Of course, a wide range of costs to the district have increased steadily duing this time. This has resulted in deep cuts in staff and programing.
Alexander Supt. Lindy Douglas said in January that the School District cut its budget by $600,000 in 2017. Until voters pass an operating levy, the revenue flow from the state isn’t likely to get any better, and further cuts will be on the table.
Like the attempted levy last May, the measure on the Nov. 6 ballot is for a 1 percent “traditional” income tax on a wider base of Alexander residents than was proposed in the general election a year ago. That failed effort was a 1.25 percent tax on earned income, exempting various types of non-wage income. Alexander voters also shot down an earned-income tax of 1.5 percent a year ago.
With the broader tax base, the sought-after 1 percent tax in the May 8 primary will raise as much as 1.25 percent with an earned-income tax, and do so with less money needed from individual taxpayers.
Many citizens are skeptical any time a local school district (or any taxing authority) requests more money from taxpayers. They often wonder why the district can’t tighten its belt the way many families must during tough economic times.
Yet, Alexander Local School District has been getting by with less – a lot less – with no increases in state or local funding to keep up with rising costs.
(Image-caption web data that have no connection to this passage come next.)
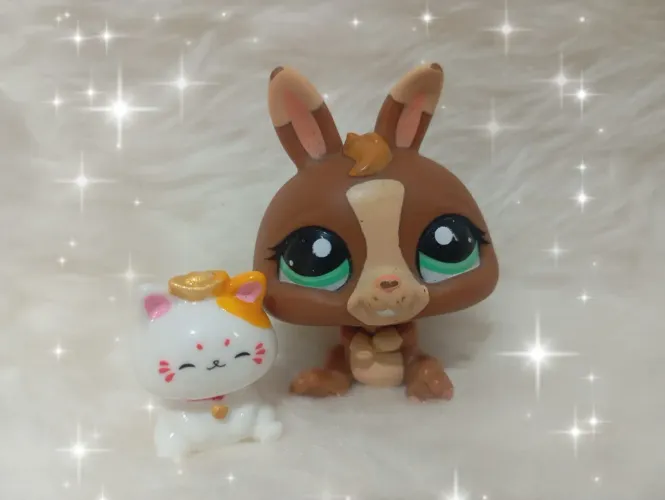 littlest pet shop coelho #2074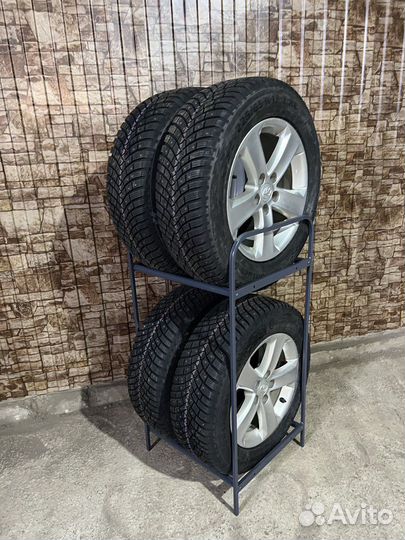 Стеллаж для хранения колес, шин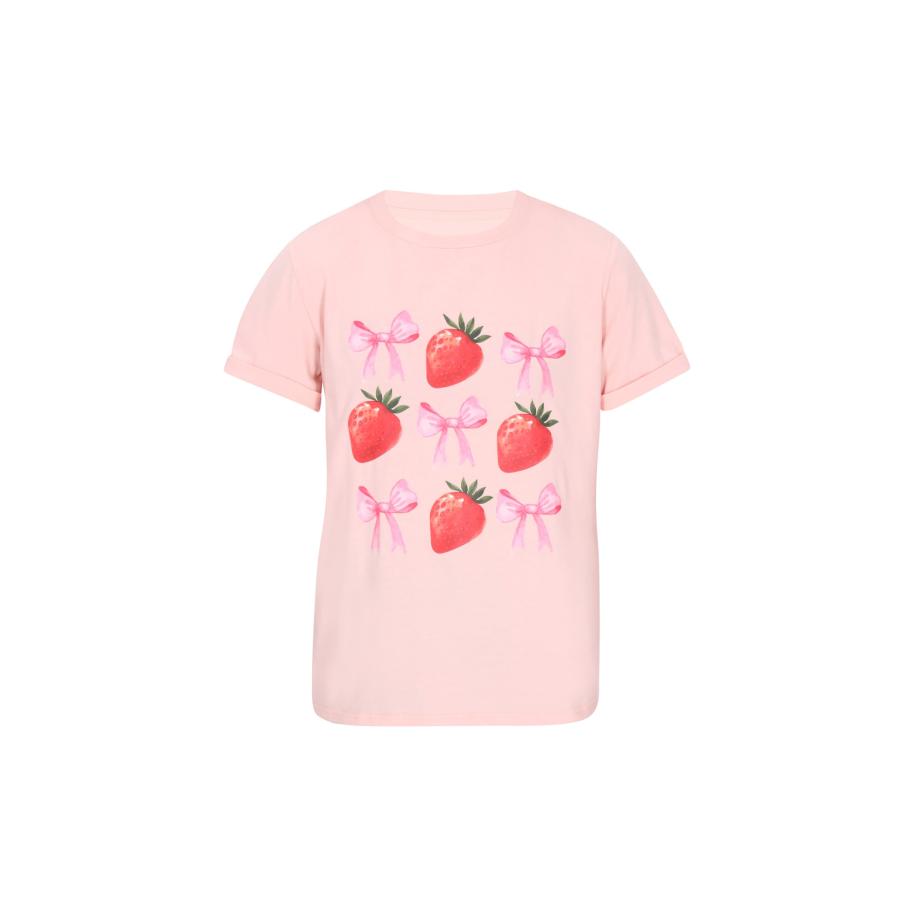 NALLY NALLY Shirt Fashion Look pink / rosa / rood -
Since 2008, as of the May levy attempt, Alex has slashed personnel by not replacing teachers and staff who retire or resign. This resulted in the loss of 18 teaching and 14 staff positions.
That represents significant erosion in the human resources essential to a school district’s core mission – educating its young people. While school officials and supporters maintain that educational quality somehow has been maintained in spite of these deep cuts, it’s easy to see how any further cuts will erode the district’s educational effectiveness.
The stark reality is that with no increase in local funding, more cuts will be necessary. Educational goals such as reasonable class sizes, modern curriculum choices to meet the needs of different students in our modern society, and essential non-classroom services – all of these things will be very difficult, if not impossible, to achieve.
Money from the income tax will go toward yearly operating expenses – fuel, food, busing, staff, maintenance, repairs, books and equipment, among other things.
With the Ohio General Assembly not expected to step up to bat, the residents of Alexander Local School District have a responsibility to make sure that the district’s children continue to receive an adequate and quality education. Without more revenue, that’s going to be very difficult for the district to deliver.
This is essentially the same argument we made last May for the same levy. Hell, we’re even using some of the same wording as the endorsement we ran at that time. It was a compelling argument then, and it remains so today.
With no hesitation, we urge voters in Alexander Local School District to vote yes on the school tax issue.